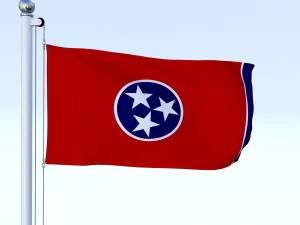 animated tennessee flag 3D Model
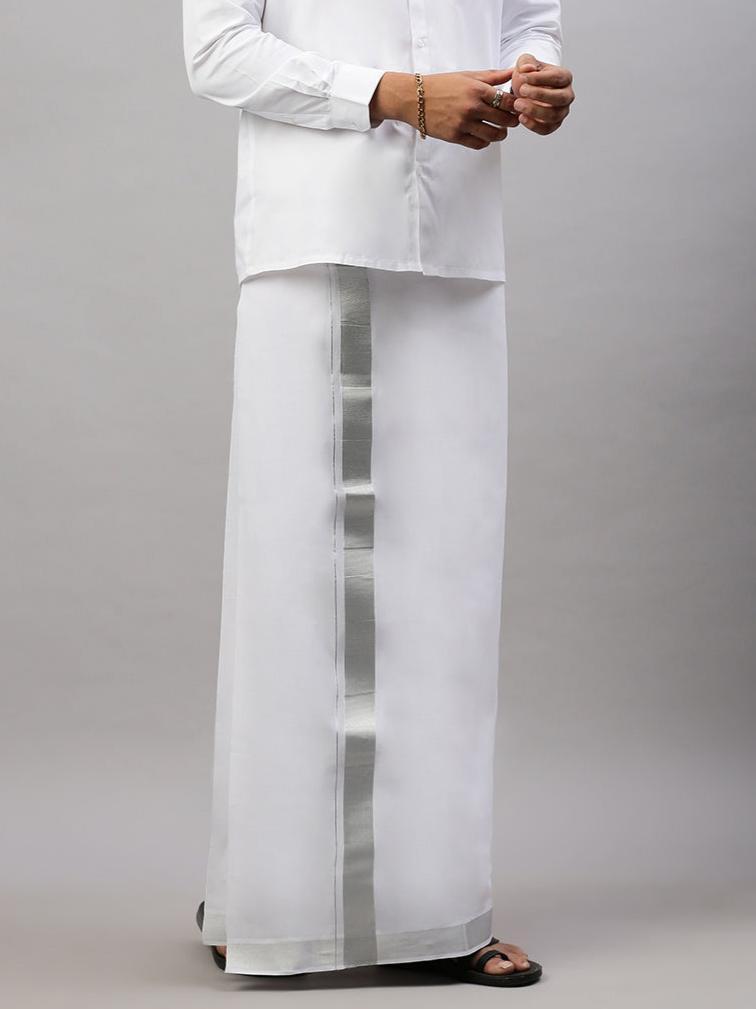 Men 100% Cotton Double Layer White Dhoti with 1 1/2"Silver Jari Border Special Pet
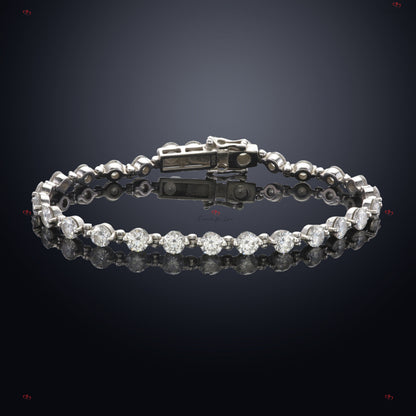 14K Weißgold 6 Karat Diamant Tennisarmband, im Labor gezüchtetes Diamantarmband, wunderschönes 4 mm rundes weißes Diamantarmband Geburtstagsgeschenk für Mama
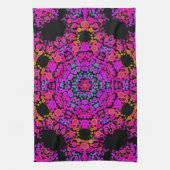 Dot Mandala Bloemroze blauw en Oranje Theedoek (Verticaal)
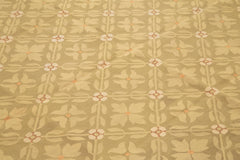 Aubusson Floral Brown Floral Cotton Wool Handmade Area Rug 8'8'' x 11'10''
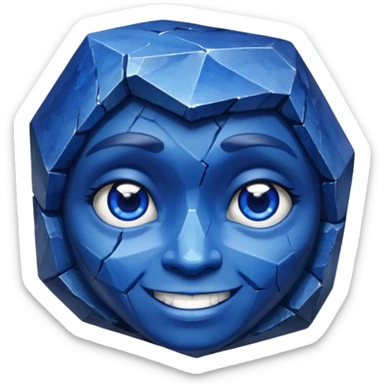 A single sapphire-blue faceted rock head, chunky and worn, with very visible cracks and chipped facets but still shiny, big kind eyes and a confident smile sticker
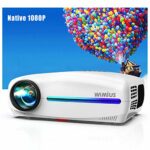 WiMiUS Projector 450 ANSI Lumens, Native 1080P Video Projector Support 4K with 4D ± 50° Electronic Keystone Correction, 300'' LED Home Projector
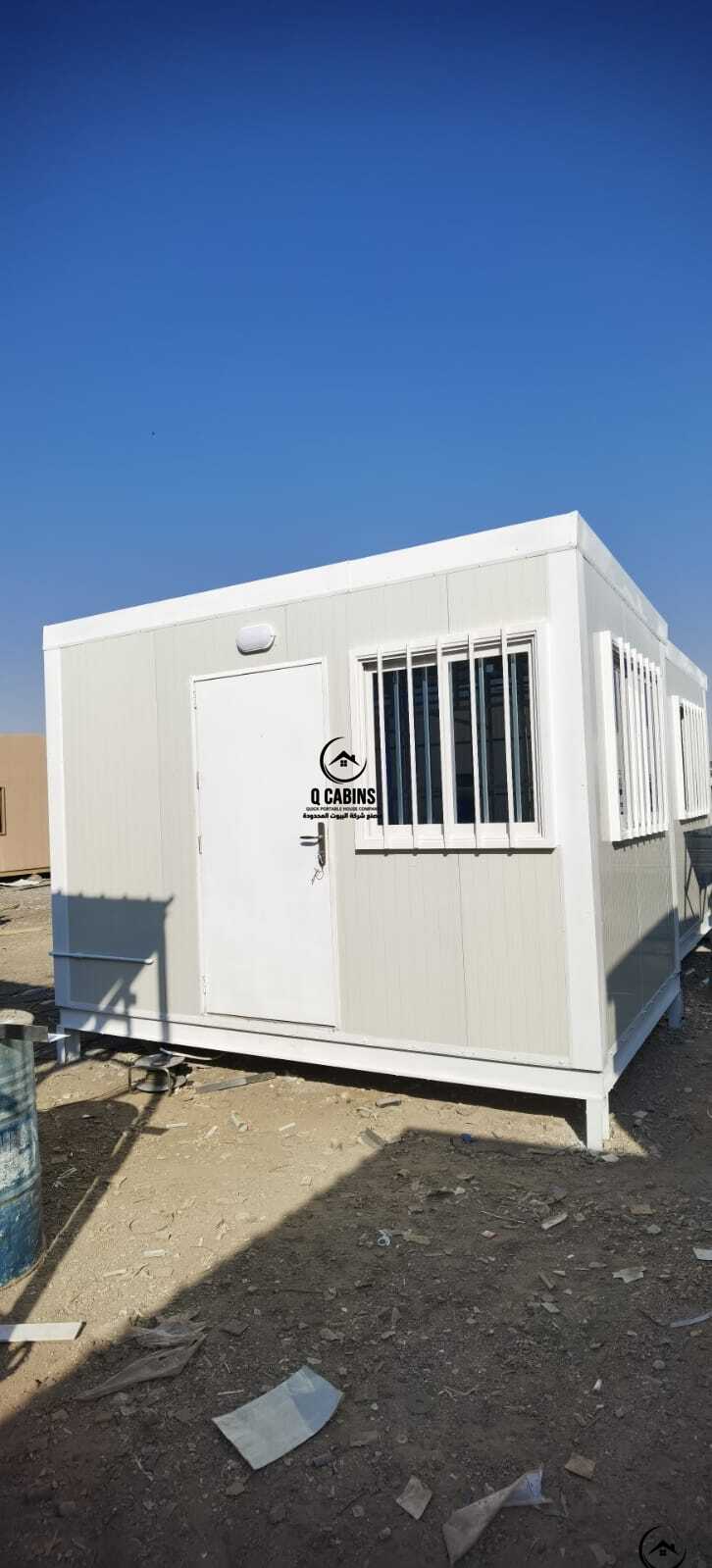 Compact white sandwich panel security booth cabin with white entrance door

Exercise requirements » The line with "Dot Mandala Bloemroze" ends the range, and the first line of the data begins it; repeat exactly those lines and nothing more, omitting pictures.

Expected answer »
 animated tennessee flag 3D Model
 Men 100% Cotton Double Layer White Dhoti with 1 1/2"Silver Jari Border Special Pet
 14K Weißgold 6 Karat Diamant Tennisarmband, im Labor gezüchtetes Diamantarmband, wunderschönes 4 mm rundes weißes Diamantarmband Geburtstagsgeschenk für Mama
 Dot Mandala Bloemroze blauw en Oranje Theedoek (Verticaal)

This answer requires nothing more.